Gugalicherra dying for being leased as wetland
Since his childhood Morom Ahmed, 65, had known Gugalicherra as a river, but last year, much to his astonishment, he heard that the river was classified as a stagnant water body and leased out for fish farming.
"In our childhood we saw Gugalicherra as a flowing river," he told this correspondent when he visited the riverside yesterday to see how fish farming was going on in the river.
According to law, a river cannot be rented or leased out. So the Moulvibazar district administration changed the class of Gugalicherra in documents and labelled it as a "stagnant water body" to make it legally eligible for leasing.

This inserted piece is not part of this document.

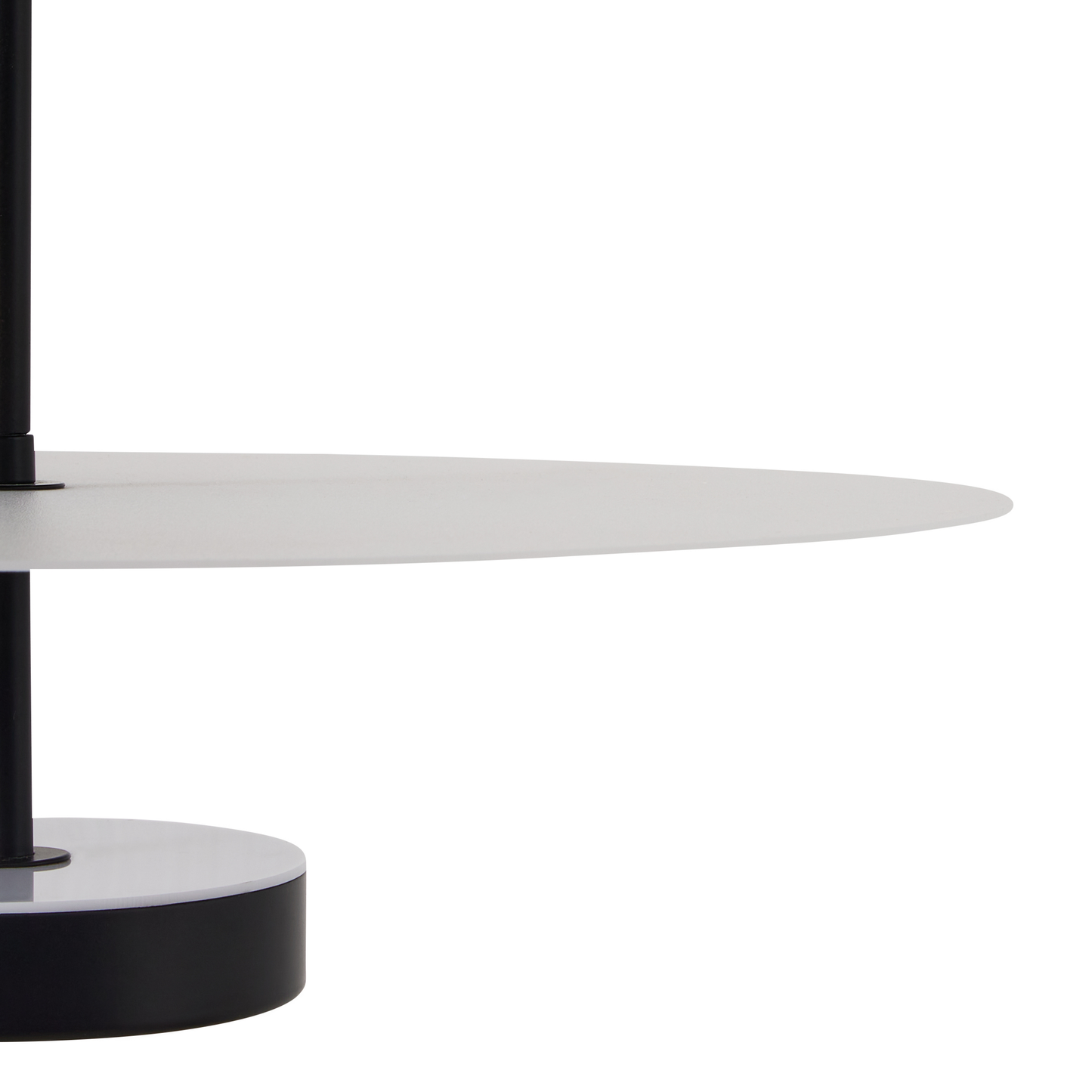 Pendant LED Lamp Black Integrated LED Rings Modern Lighting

This illegal practice, also seen elsewhere in the country, slowly sends the rivers to their death because the lessee usually constructs barricades in the river channel to farm fish, hampering the natural flow, and uses fertilisers for the purpose, damaging the water quality.
With the call to prevent Gugalicherra from dying out, Bangladesh Poribesh Andolon (Bapa) and Water Keeper Bangladesh organised a protest rally in Juri Upazila yesterday.
Abdul Karim Kim, general secretary of Bapa's Sylhet unit, said corrupt administrations changed the class of a river so as to lease it out to local political leaders for fish farming in many places in Bangladesh. Gugalicherra was leased early last year, he added.
Local fishermen also protested the leasing because they cannot fish there -- a river becomes a private property when classified as a "stagnant water body".
Gugalicherra originates in India's Assam state and flows to Hakaluki Haor through Kulaura and Juri upazilas.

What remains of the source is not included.